Bazaar

.cix thrashing causes us to re-download the whole index multiple times

Bug #402623 reported by John A Meinel on 2009-07-21

This bug affects 1 person

Affects		Status	Importance	Assigned to	Milestone
	Bazaar	Fix Released	Critical	John A Meinel	Bazaar 2.0.1 "Stability First"

Bug Description

being split off from bug #402114

When a .cix index gets to be larger than ~100k entries, (more than 1000 btree pages) we no longer can fit everything into the local cache. Because the access pattern is essentially 'random' this destroys our 'hit rate'.

When doing a fetch, we generally have to access the .cix 4-5 times. (read root nodes, read nodes underneath them, read root nodes for the tree shape, read nodes underneath them, etc.)

This means that when doing a fresh branch of a large project, we will re-read the entire .cix for the largest pack files up to 5 times. (in the case of LP, this is about 10MB+ of data that we re-read 5 times.) At 50MB of data, that is 50% of the size of an optimized pack file for the entire history (106MB).

The easiest thing to do is to just increase the buffering for .cix indexes.

Related branches

lp:~jameinel/bzr/2.0-cache-cix

Merged into lp:bzr/2.0

Vincent Ladeuil: Approve on 2009-10-09

lp:ubuntu/karmic-proposed/bzr

John A Meinel (jameinel) on 2009-07-21

Changed in bzr:
importance:	Undecided → High
status:	New → Triaged

Robert Collins (lifeless) on 2009-08-14

Changed in bzr:
importance:	High → Critical

Revision history for this message

Robert Collins (lifeless) wrote on 2009-08-14:

I'm not sure what to do about this :(.

Revision history for this message

Martin Pool (mbp) wrote on 2009-08-14: Re: [Bug 402623] Re: .cix thrashing causes us to re-download the whole index multiple times

2009/8/14 Robert Collins <email address hidden>:
> I'm not sure what to do about this :(.

Can we let the cache grow to fit at least one whole index? Thrashing
into swap is probably better than thrashing over the network.
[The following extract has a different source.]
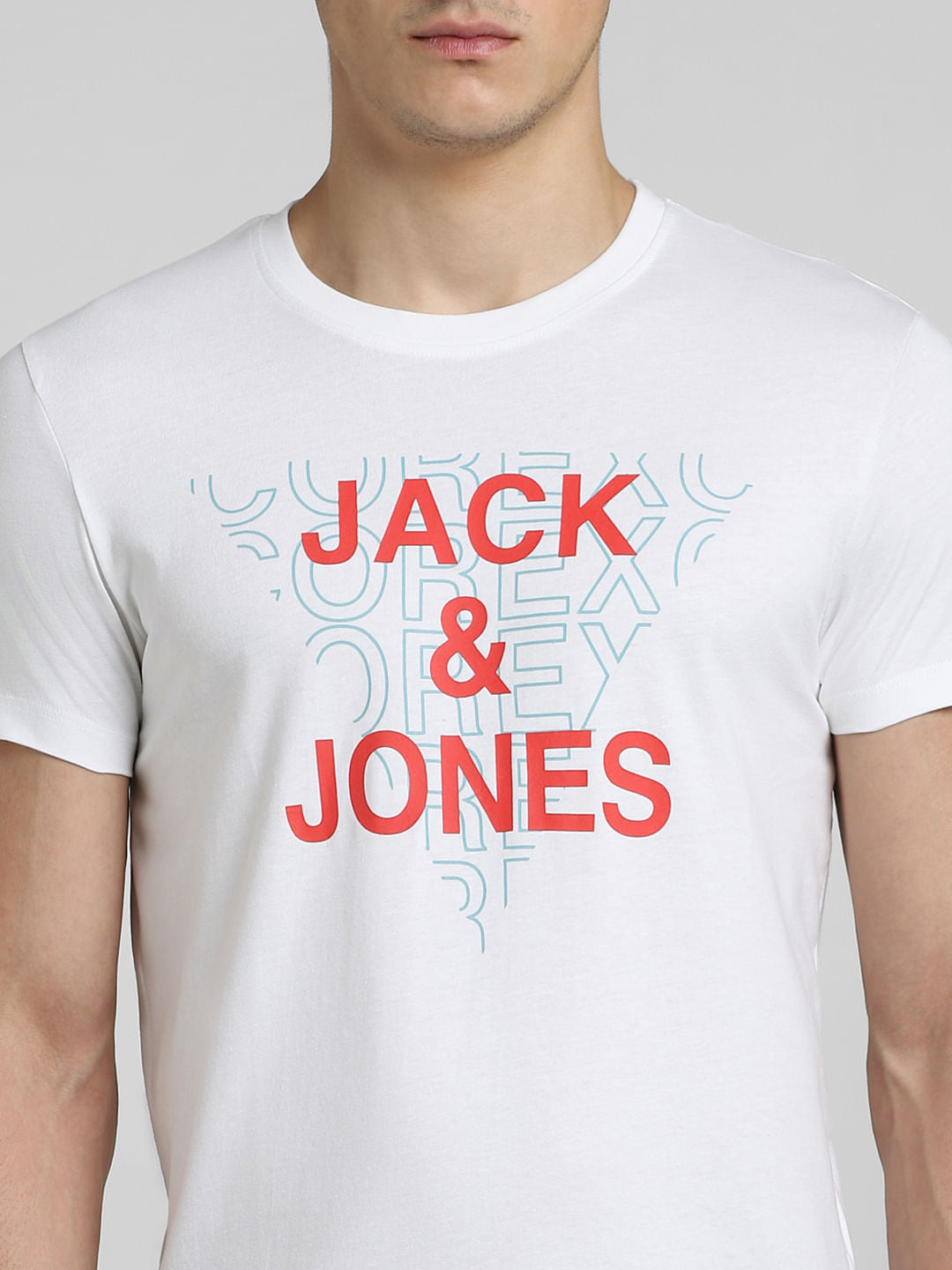 White Graphic Print Crew Neck T-shirt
Is this a release blocker?

--
Martin <http://launchpad.net/~mbp/>

Revision history for this message

Robert Collins (lifeless) wrote on 2009-08-14: Re: [Bug 402623] Re: .cix thrashing causes us to re-download the whole index multiple times

On Fri, 2009-08-14 at 03:15 +0000, Martin Pool wrote:
> 2009/8/14 Robert Collins <email address hidden>:
> > I'm not sure what to do about this :(.
>
> Can we let the cache grow to fit at least one whole index? Thrashing
> into swap is probably better than thrashing over the network.
>
> Is this a release blocker?

I don't think so because:
- few projects are _really big_
- those that aren't should be fine.

-Rob

Revision history for this message

Christian Reis (kiko) wrote on 2009-08-14:

Is there a workaround that projects that run into this can apply? For release-noting if nothing else.
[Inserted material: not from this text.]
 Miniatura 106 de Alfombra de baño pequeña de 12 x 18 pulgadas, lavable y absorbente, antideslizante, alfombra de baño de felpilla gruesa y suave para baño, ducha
Revision history for this message

John A Meinel (jameinel) wrote on 2009-08-14:

So the trivial fix is:
=== modified file 'bzrlib/btree_index.py'
--- bzrlib/btree_index.py 2009-08-13 19:56:26 +0000
+++ bzrlib/btree_index.py 2009-08-14 18:55:59 +0000
@@ -46,7 +46,7 @@
_PAGE_SIZE = 4096

# 4K per page: 4MB - 1000 entries
-_NODE_CACHE_SIZE = 1000
+_NODE_CACHE_SIZE = 100000

One could easily put this into a plugin.

Also note that this is only true when reading over a 'dumb' transport. The smart server code reads things locally and streams the content over the wire, the indexes are not read directly.

A more involved option would be to set up a special case for .cix because we know we lose 'locality' there, and to only bump up the node cache size for cix.
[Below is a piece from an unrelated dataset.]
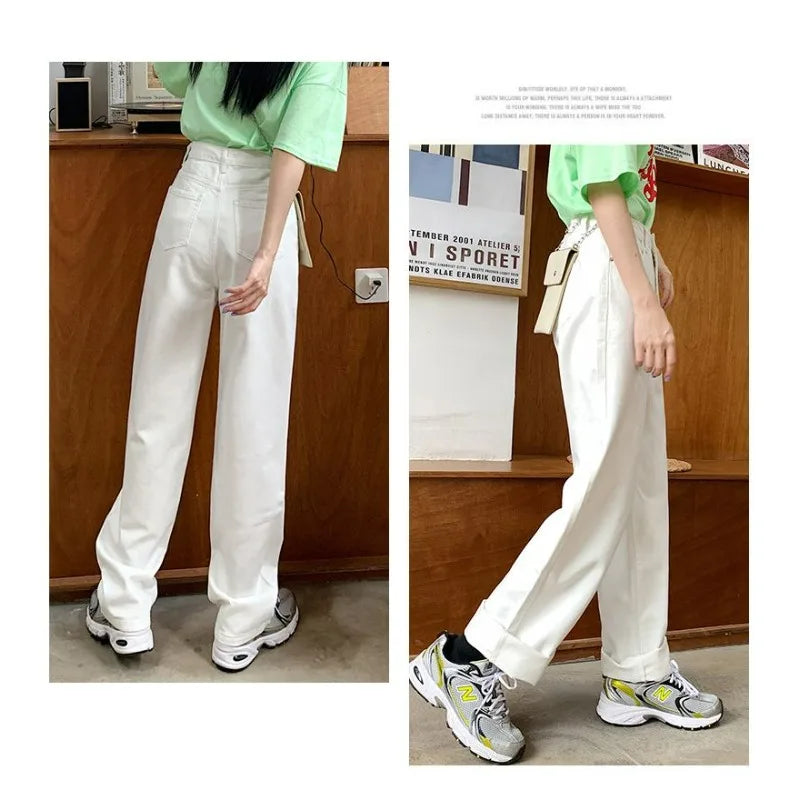 Women Denim Jeans 2025 Autumn Winter High Waist Wide Leg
Revision history for this message

Martin Pool (mbp) wrote on 2009-08-15: Re: [Bug 402623] Re: .cix thrashing causes us to re-download the whole index multiple times

2009/8/15 John A Meinel <email address hidden>:
> So the trivial fix is:
> === modified file 'bzrlib/btree_index.py'
> --- bzrlib/btree_index.py 2009-08-13 19:56:26 +0000
> +++ bzrlib/btree_index.py 2009-08-14 18:55:59 +0000
> @@ -46,7 +46,7 @@
> _PAGE_SIZE = 4096
>
> # 4K per page: 4MB - 1000 entries
> -_NODE_CACHE_SIZE = 1000
> +_NODE_CACHE_SIZE = 100000

That's the kind of thing I'd look at putting in
-Dindex_cache_size=100000 (which would require a small patch to
support key/value debug flags); obviously it's inferior to just
working but it's more feasible for most users than a patch or even a
plugin.

--
Martin <http://launchpad.net/~mbp/>

Revision history for this message

John A Meinel (jameinel) wrote on 2009-08-15: Re: [Bug 402623] Re: .cix thrashing causes us to re-download the whole index multiple times

-----BEGIN PGP SIGNED MESSAGE-----
Hash: SHA1

Martin Pool wrote:
> 2009/8/15 John A Meinel <email address hidden>:
>> So the trivial fix is:
>> === modified file 'bzrlib/btree_index.py'
>> --- bzrlib/btree_index.py 2009-08-13 19:56:26 +0000
>> +++ bzrlib/btree_index.py 2009-08-14 18:55:59 +0000
>> @@ -46,7 +46,7 @@
>> _PAGE_SIZE = 4096
>>
>> # 4K per page: 4MB - 1000 entries
>> -_NODE_CACHE_SIZE = 1000
>> +_NODE_CACHE_SIZE = 100000
>
> That's the kind of thing I'd look at putting in
> -Dindex_cache_size=100000 (which would require a small patch to
> support key/value debug flags); obviously it's inferior to just
> working but it's more feasible for most users than a patch or even a
> plugin.
>

You could make it "-Dbig_index_cache" and then set it to something
ridiculously high.

John
=:->

-----BEGIN PGP SIGNATURE-----
Version: GnuPG v1.4.9 (Cygwin)
Comment: Using GnuPG with Mozilla - http://enigmail.mozdev.org/

iEYEARECAAYFAkqGvpcACgkQJdeBCYSNAAPangCgnqyH6l0G6FZgIwLHrImOcwTM
F6gAnigtp4dgM0810lMmPq4q2ZKjFfmC
=AtYU
-----END PGP SIGNATURE-----

Ian Clatworthy (ian-clatworthy) on 2009-08-31

Changed in bzr:
assignee:	nobody → Ian Clatworthy (ian-clatworthy)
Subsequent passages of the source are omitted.